Task goal – Scan the records beneath this line for the line holding "Par Discos Freno" and the line holding "Trumpeter MODEL AIRPLANES", then transcribe exactly those two and all lines between.

Excerpted records –
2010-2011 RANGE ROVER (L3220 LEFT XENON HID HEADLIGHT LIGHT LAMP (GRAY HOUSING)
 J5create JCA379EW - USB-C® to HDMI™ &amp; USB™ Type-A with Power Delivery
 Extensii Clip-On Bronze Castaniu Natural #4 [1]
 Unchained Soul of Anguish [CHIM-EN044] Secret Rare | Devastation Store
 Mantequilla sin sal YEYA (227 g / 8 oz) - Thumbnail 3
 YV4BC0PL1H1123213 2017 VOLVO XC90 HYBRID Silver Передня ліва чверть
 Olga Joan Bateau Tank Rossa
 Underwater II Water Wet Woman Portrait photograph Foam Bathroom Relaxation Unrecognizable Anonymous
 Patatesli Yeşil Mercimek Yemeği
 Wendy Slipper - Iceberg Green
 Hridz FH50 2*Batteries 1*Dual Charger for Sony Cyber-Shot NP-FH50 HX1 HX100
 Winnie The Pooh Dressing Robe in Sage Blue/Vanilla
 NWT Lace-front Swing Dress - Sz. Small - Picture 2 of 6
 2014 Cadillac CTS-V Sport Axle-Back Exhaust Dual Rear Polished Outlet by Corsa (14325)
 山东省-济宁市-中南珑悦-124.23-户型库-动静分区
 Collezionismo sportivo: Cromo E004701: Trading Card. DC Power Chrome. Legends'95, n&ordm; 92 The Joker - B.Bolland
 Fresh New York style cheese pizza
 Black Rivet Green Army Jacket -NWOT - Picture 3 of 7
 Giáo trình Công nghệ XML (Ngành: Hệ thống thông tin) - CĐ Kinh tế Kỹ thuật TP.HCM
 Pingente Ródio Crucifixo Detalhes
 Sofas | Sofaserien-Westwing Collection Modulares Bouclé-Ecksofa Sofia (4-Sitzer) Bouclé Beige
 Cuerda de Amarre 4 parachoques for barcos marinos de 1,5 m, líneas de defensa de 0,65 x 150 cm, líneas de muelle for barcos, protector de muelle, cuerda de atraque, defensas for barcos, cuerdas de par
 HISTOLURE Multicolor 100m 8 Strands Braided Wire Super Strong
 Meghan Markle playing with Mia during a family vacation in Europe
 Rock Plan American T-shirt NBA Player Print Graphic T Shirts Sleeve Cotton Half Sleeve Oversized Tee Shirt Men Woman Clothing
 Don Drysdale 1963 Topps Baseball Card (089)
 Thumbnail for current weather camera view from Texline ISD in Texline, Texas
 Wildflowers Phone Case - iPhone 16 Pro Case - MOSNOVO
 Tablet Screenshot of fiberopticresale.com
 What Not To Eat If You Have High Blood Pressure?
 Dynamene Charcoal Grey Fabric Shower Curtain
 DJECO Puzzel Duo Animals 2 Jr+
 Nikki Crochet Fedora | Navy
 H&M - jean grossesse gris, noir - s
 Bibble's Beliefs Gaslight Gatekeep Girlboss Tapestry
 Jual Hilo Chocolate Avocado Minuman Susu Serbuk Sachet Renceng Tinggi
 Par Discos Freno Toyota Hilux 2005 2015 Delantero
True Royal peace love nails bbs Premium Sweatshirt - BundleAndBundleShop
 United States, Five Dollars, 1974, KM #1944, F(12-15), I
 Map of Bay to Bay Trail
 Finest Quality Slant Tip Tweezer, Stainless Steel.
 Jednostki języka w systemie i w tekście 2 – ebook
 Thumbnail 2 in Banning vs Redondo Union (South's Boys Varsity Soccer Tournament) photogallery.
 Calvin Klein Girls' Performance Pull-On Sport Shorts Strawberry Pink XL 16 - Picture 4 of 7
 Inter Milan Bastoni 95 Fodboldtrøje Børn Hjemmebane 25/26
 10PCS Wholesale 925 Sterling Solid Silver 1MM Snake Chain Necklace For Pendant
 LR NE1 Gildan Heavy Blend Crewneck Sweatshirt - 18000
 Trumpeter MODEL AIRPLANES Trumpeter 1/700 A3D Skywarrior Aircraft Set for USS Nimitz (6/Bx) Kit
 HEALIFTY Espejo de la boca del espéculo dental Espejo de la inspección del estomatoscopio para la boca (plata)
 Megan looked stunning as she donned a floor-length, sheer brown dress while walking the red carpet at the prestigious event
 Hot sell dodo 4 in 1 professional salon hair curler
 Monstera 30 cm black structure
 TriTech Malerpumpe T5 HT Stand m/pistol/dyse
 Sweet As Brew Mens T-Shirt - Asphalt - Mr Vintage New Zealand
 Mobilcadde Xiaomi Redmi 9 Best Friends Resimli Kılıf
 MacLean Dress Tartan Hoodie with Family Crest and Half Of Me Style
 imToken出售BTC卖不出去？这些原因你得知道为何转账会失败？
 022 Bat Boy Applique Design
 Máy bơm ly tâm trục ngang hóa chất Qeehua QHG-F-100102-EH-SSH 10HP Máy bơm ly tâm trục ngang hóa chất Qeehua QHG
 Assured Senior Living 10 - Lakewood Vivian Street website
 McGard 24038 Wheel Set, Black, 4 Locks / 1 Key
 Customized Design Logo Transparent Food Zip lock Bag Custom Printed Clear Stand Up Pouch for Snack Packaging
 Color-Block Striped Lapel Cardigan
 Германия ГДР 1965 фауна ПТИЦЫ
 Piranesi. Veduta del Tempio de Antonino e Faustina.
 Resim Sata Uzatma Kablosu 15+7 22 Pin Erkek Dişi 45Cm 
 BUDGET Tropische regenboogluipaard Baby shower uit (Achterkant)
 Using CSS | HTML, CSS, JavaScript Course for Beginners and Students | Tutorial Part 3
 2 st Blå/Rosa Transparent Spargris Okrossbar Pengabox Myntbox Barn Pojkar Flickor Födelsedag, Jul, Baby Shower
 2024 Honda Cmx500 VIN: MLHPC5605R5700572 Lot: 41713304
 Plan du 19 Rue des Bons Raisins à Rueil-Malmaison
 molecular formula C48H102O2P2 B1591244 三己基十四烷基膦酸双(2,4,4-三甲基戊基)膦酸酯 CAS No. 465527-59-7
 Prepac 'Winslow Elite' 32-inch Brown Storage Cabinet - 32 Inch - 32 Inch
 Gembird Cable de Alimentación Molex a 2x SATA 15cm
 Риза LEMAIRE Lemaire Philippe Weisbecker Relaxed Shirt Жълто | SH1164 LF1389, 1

Response area –
 Par Discos Freno Toyota Hilux 2005 2015 Delantero
True Royal peace love nails bbs Premium Sweatshirt - BundleAndBundleShop
 United States, Five Dollars, 1974, KM #1944, F(12-15), I
 Map of Bay to Bay Trail
 Finest Quality Slant Tip Tweezer, Stainless Steel.
 Jednostki języka w systemie i w tekście 2 – ebook
 Thumbnail 2 in Banning vs Redondo Union (South's Boys Varsity Soccer Tournament) photogallery.
 Calvin Klein Girls' Performance Pull-On Sport Shorts Strawberry Pink XL 16 - Picture 4 of 7
 Inter Milan Bastoni 95 Fodboldtrøje Børn Hjemmebane 25/26
 10PCS Wholesale 925 Sterling Solid Silver 1MM Snake Chain Necklace For Pendant
 LR NE1 Gildan Heavy Blend Crewneck Sweatshirt - 18000
 Trumpeter MODEL AIRPLANES Trumpeter 1/700 A3D Skywarrior Aircraft Set for USS Nimitz (6/Bx) Kit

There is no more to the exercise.